## Exercise
The expected output is an exact copy of each line from the line with "Pair of earrings" through the end of the data below, with no pictures in it.

## Data below
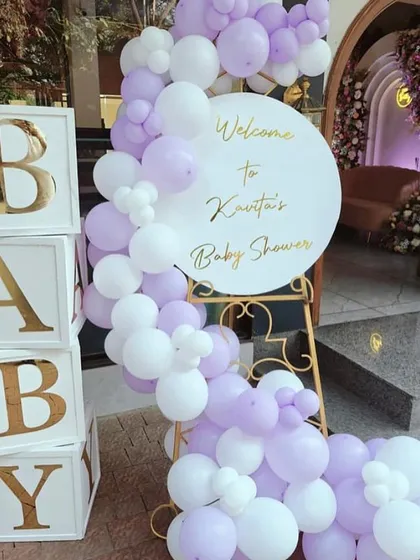 A classic baby shower welcome area. The setup includes "BABY" blocks and a welcome sign on an easel, both decorated with a soft lavender and white balloon garland.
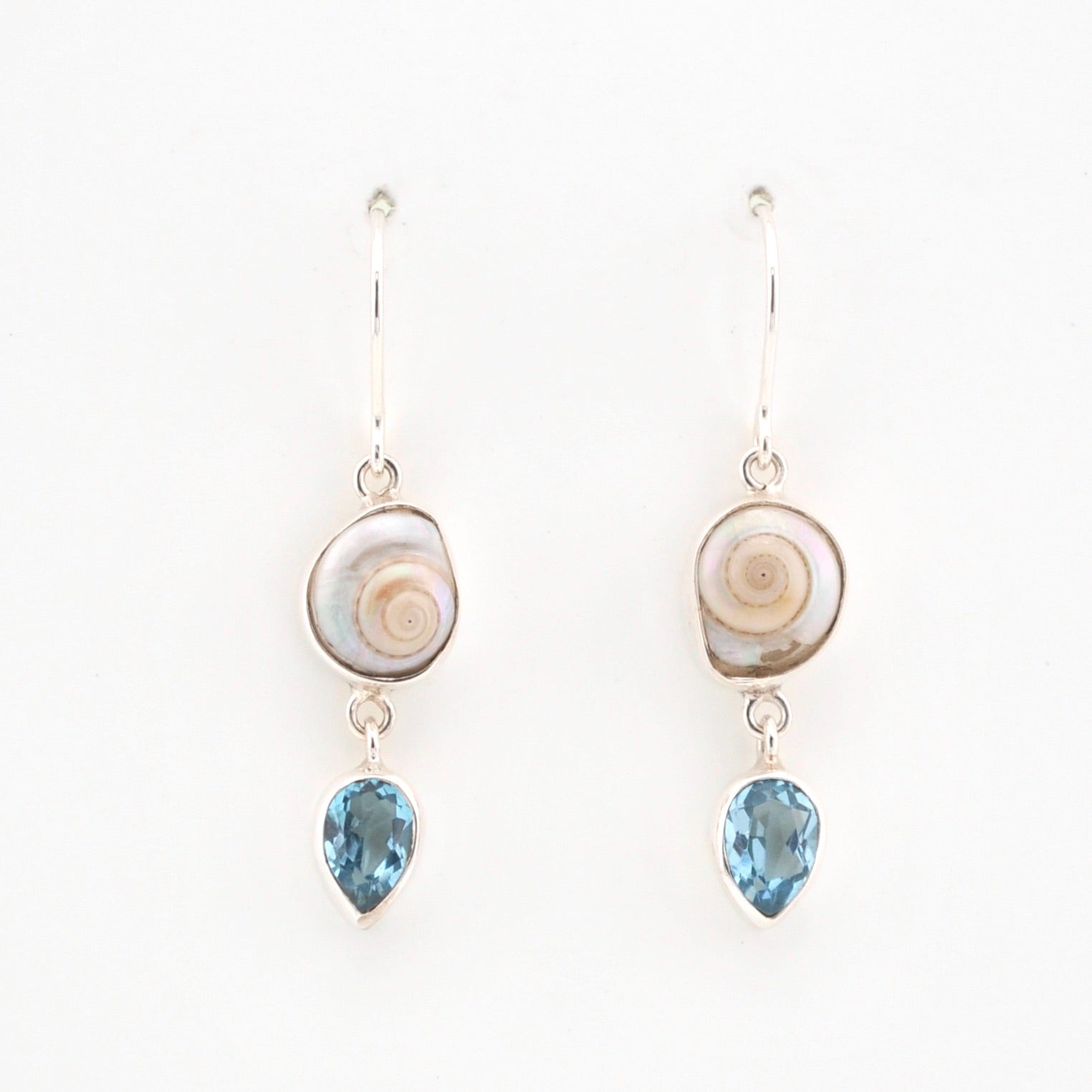 Pair of earrings with shell and blue gemstone drops on a white background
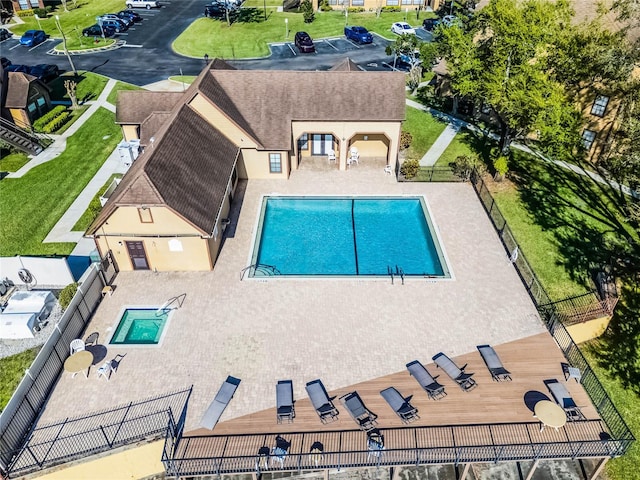 community pool with a patio and fence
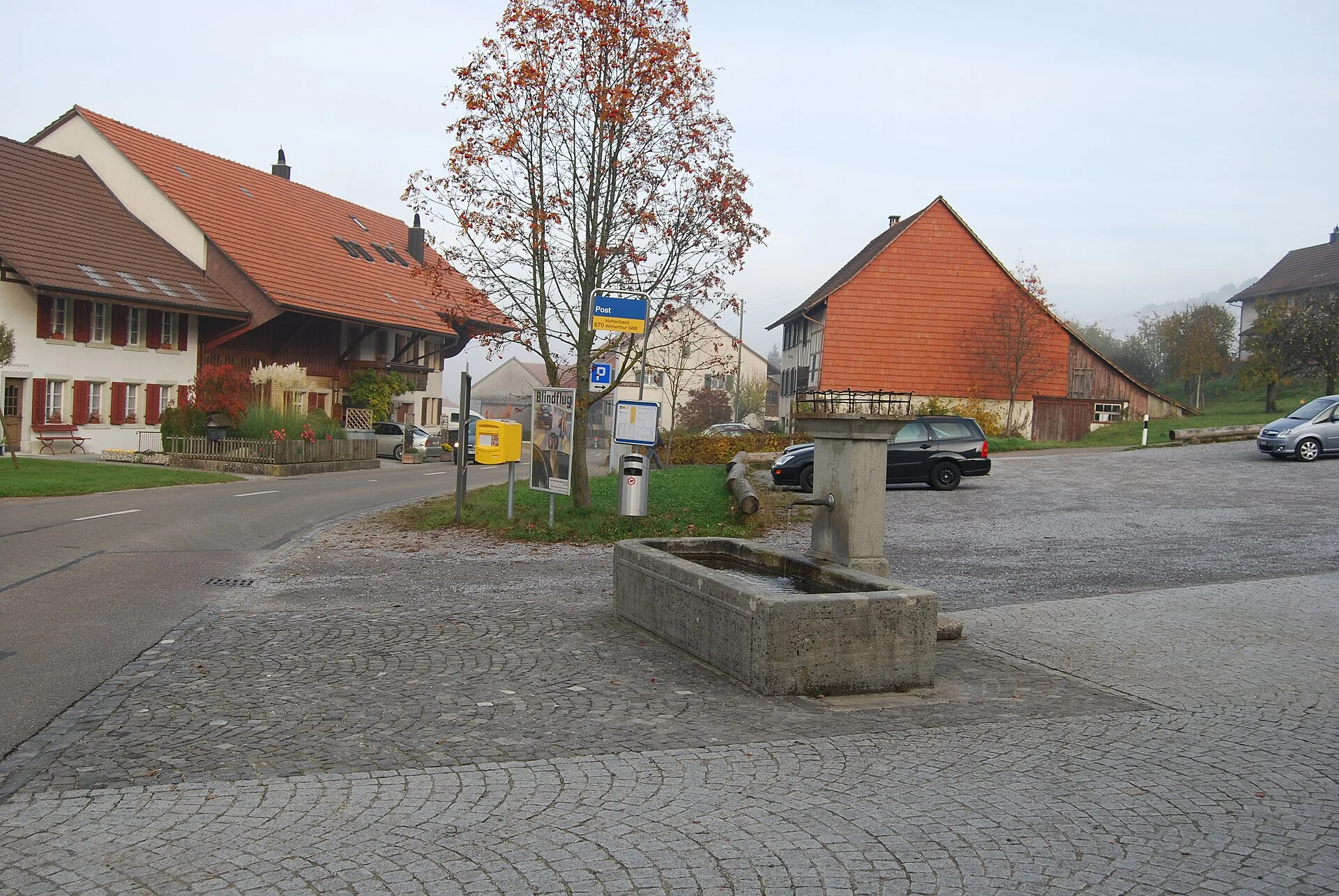 Dorfbrunnen auf einem gepflästerten Platz in Buch am Irchel mit Bauernhäusern im Herbst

## Task solution
 Pair of earrings with shell and blue gemstone drops on a white background
 community pool with a patio and fence
 Dorfbrunnen auf einem gepflästerten Platz in Buch am Irchel mit Bauernhäusern im Herbst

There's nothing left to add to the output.